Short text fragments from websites
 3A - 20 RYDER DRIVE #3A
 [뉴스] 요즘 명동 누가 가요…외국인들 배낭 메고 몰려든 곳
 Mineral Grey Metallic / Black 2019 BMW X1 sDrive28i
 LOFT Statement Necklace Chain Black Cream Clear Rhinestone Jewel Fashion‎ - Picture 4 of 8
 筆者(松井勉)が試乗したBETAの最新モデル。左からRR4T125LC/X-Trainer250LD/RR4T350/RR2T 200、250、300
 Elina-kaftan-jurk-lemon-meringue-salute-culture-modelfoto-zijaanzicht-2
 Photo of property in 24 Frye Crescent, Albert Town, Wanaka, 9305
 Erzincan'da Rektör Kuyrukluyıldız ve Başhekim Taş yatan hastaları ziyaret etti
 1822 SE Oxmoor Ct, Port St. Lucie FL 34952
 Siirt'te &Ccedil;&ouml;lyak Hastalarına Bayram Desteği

BRIEF => Across the records above, show each line containing the word "Black".

EXERCISE RESULT =>
 Mineral Grey Metallic / Black 2019 BMW X1 sDrive28i
 LOFT Statement Necklace Chain Black Cream Clear Rhinestone Jewel Fashion‎ - Picture 4 of 8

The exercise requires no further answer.